### Your instructions
Begin at the line holding "Bộ tole/lanh bé" and set down exactly each line through the last one below, omitting pictures. Include nothing else.

### Input for this task
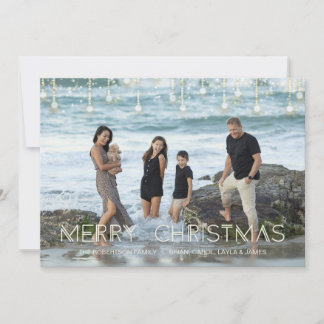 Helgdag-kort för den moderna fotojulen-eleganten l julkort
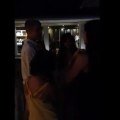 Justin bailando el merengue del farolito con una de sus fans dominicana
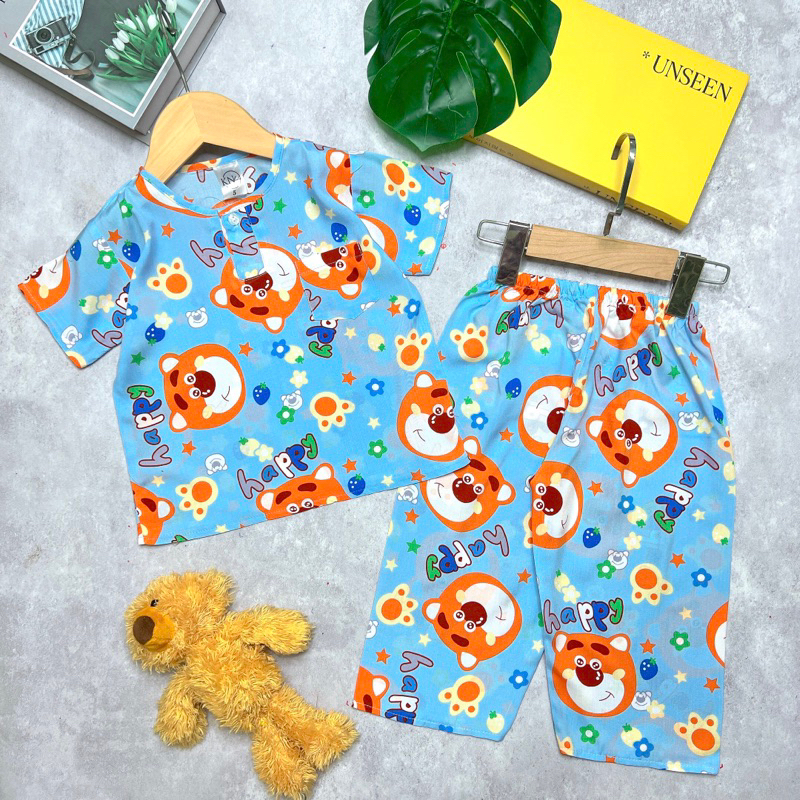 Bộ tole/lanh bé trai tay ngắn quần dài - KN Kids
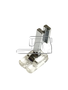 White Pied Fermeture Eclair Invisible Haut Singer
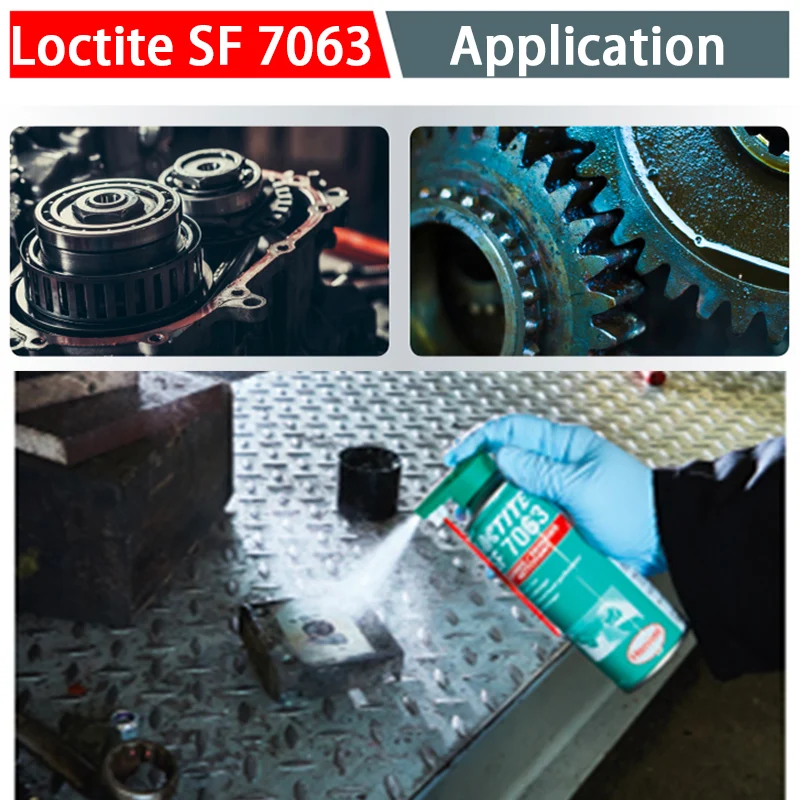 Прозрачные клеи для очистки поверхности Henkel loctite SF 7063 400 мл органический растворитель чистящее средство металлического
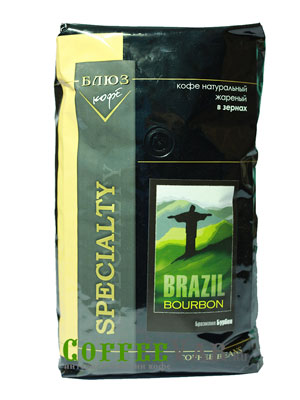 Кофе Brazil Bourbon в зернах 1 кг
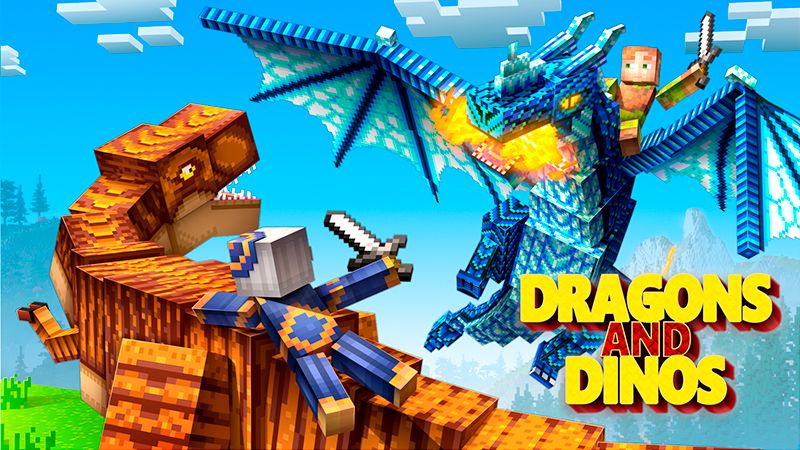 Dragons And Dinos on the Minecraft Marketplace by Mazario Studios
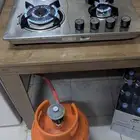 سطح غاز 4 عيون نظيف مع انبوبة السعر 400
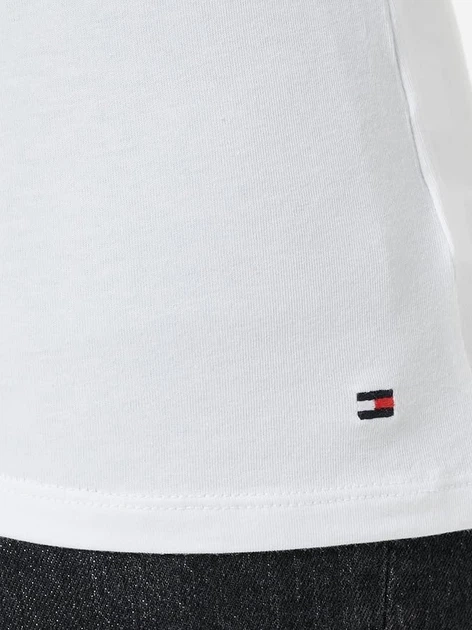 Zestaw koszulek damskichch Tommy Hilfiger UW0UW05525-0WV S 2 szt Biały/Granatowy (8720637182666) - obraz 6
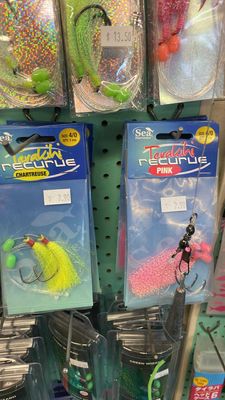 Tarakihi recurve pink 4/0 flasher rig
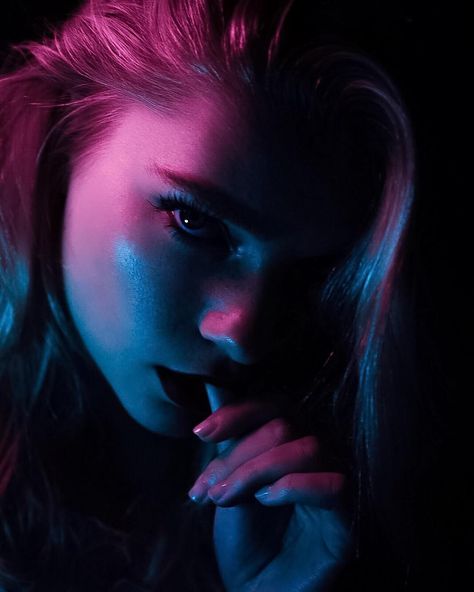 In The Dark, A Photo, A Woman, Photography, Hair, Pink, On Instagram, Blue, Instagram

### Task answer
 Bộ tole/lanh bé trai tay ngắn quần dài - KN Kids
 White Pied Fermeture Eclair Invisible Haut Singer
 Прозрачные клеи для очистки поверхности Henkel loctite SF 7063 400 мл органический растворитель чистящее средство металлического
 Кофе Brazil Bourbon в зернах 1 кг
 Dragons And Dinos on the Minecraft Marketplace by Mazario Studios
 سطح غاز 4 عيون نظيف مع انبوبة السعر 400
 Zestaw koszulek damskichch Tommy Hilfiger UW0UW05525-0WV S 2 szt Biały/Granatowy (8720637182666) - obraz 6
 Tarakihi recurve pink 4/0 flasher rig
 In The Dark, A Photo, A Woman, Photography, Hair, Pink, On Instagram, Blue, Instagram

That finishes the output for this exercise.